Storyboarding & Animatics
The text-to-speech renderings of the scripts (auralisations?) were giving us a good sense of how the conversations themselves would sound, but we realised that in order to communicate the whole scenario in context, we’d need something more. Andrew developed a technique for rapidly storyboarding key scenes from the scenarios which allowed everyone in the team (not just those talented with a pencil) to draw frames of a subject. More on that technique in a later post.
Building on the storyboards and audio, we were able to create lo-fi video demos – animatics – which simply and effectively communicate a whole scenario. Using video enables us to illustrate how a scenario works over time, and allowed us to add extra audio cues which can be part of a VUI – things like sound effects, alerts and earcons.
A nice example of this richer audio is illustrated in our Proms scenario. A user builds a custom programme in relaxed conversation with her device while ambient sounds of the auditorium and orchestra can be heard in the background. The extra audio really helps set the tone of the interaction and makes for a warmer, more rounded experience.
We’re really happy with the prototyping methods we’ve developed – they’ve given us the ability to quickly sketch out possible scenarios for voice-driven applications and flesh out those scenarios in useful ways.

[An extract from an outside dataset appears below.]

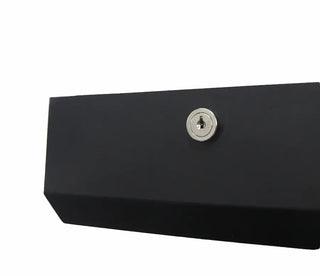 Matte black wall-mounted Frost universal paper towel dispenser with keyed lock, front-loading access, and slim steel construction.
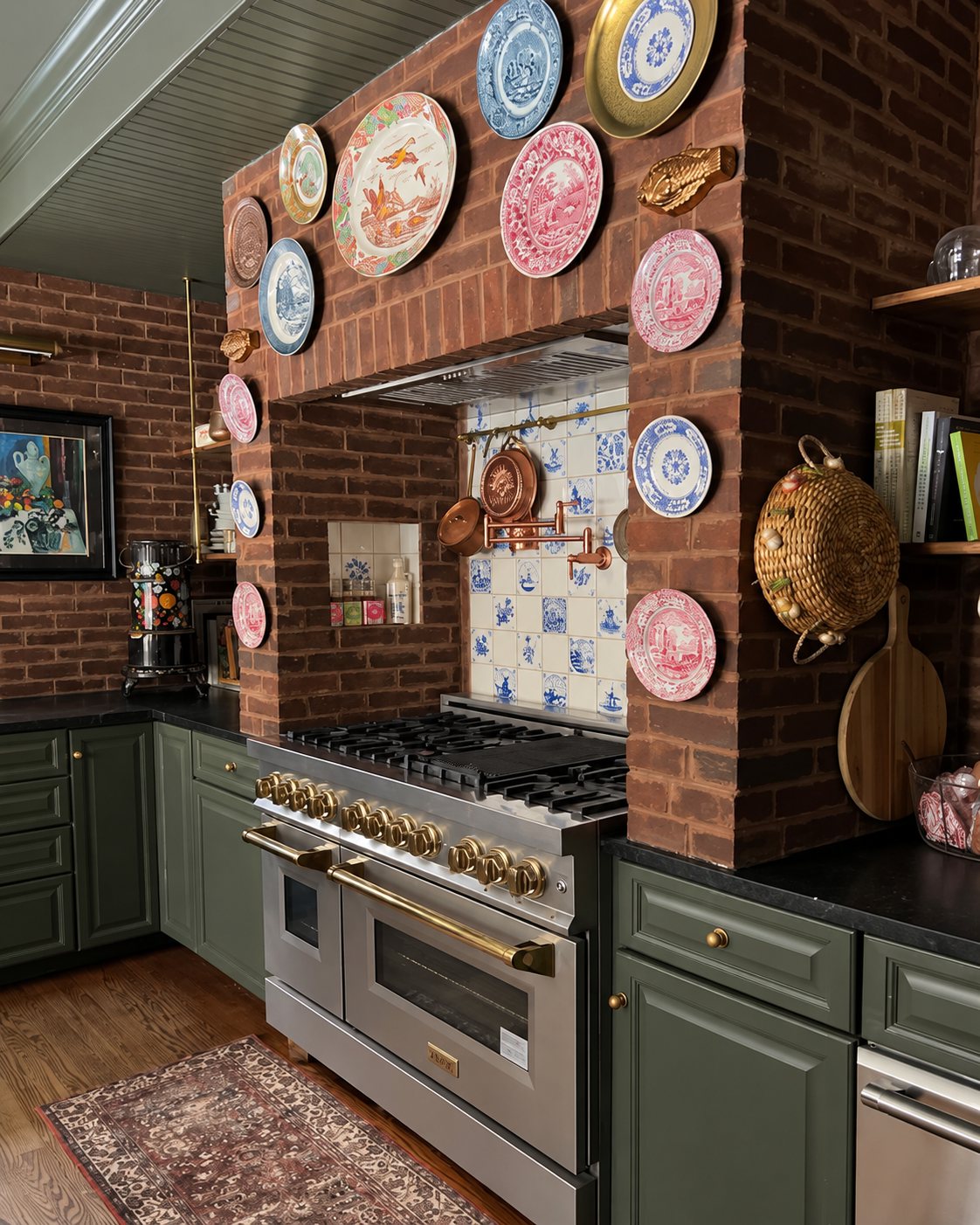 Green-cabinet kitchen with a brick range hood hung with antique decorative plates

Some of these scenarios could be implemented on the VUI devices available today, some are a bit further into the future and that’s great! We want a set of tools that helps us think about the things we could be building, as well as the things we could build now.
We think we’ve got the start of a rich and useful set of methods for thinking about, designing and prototyping VUIs and we’re keen to develop them further on projects with our colleagues around the BBC. We’d also love to hear from anyone who finds them useful on their own projects!